Journal of
Medicinal Plants Research

  • Abbreviation: J. Med. Plants Res.
  • Language: English
  • ISSN: 1996-0875
  • DOI: 10.5897/JMPR
  • Start Year: 2007
  • Published Articles: 3835

Full Length Research Paper

Antioxidant effect of ginger to prevents lead-induced liver tissue apoptosis in rat

Amir Afshin Khaki1 and Arash Khaki2,3*
1Department of Anatomical science, National Public Health Management Center (NPMC), Tabriz University of Medical Sciences, Iran. 2Department of Veterinary Pathology, Islamic Azad University, Tabriz Branch, Iran. 3No. 1 Etekali La, South Shareati Street, Tabriz, Iran.
Email: [email protected]

  •  Accepted: 30 June 2010
  •  Published: 30 September 2013


Lead acetate is an example of heavy metals that for decades being known for its adverse effects on various body organs and systems such that their functions are compromised. In the present study, the ability of lead to adversely affect the liver tissue apoptosis was investigated. Ginger is source of antioxidants was administered orally to prevent the adverse effects of lead acetate. Thirty Wistar rats, randomised into 3 groups (n = 10), were used for this study. Animals in group (A) served as the control and were drinking distilled water.

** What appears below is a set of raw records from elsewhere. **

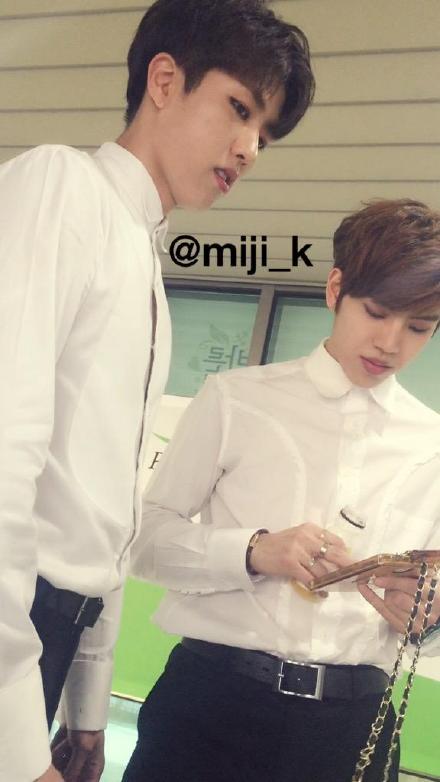 infinite 张东雨 李成烈 cr.miji_k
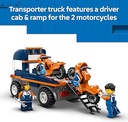 Motorcycle Transporter-LEGO 6585633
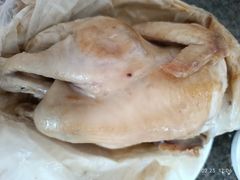 -阿侬盐焗鸡(清澜店)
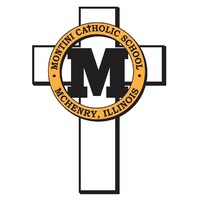 Montini Catholic School Logo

Animals in groups (B) and (C) were drinking 1% lead acetate. Group (C) animals were, in addition to drinking lead acetate, treated with 100 mg/kg/rat of ginger. All treatments were for 10 weeks. The obtained results showed that lead acetate caused a significant reduction in the liver weight, plasma superoxide dismutase and catalase activity, but a significant increase in plasma malondialdehyde concentration, using ginger cause to modified these harmful effects. These findings lead to the conclusion that ginger significantly decreased the adverse harmful effects of lead acetate exposure on the liver as well as lead acetate -induced oxidative stress.


Key words: Apoptosis, ginger, lead acetate, liver, reactive oxygen species.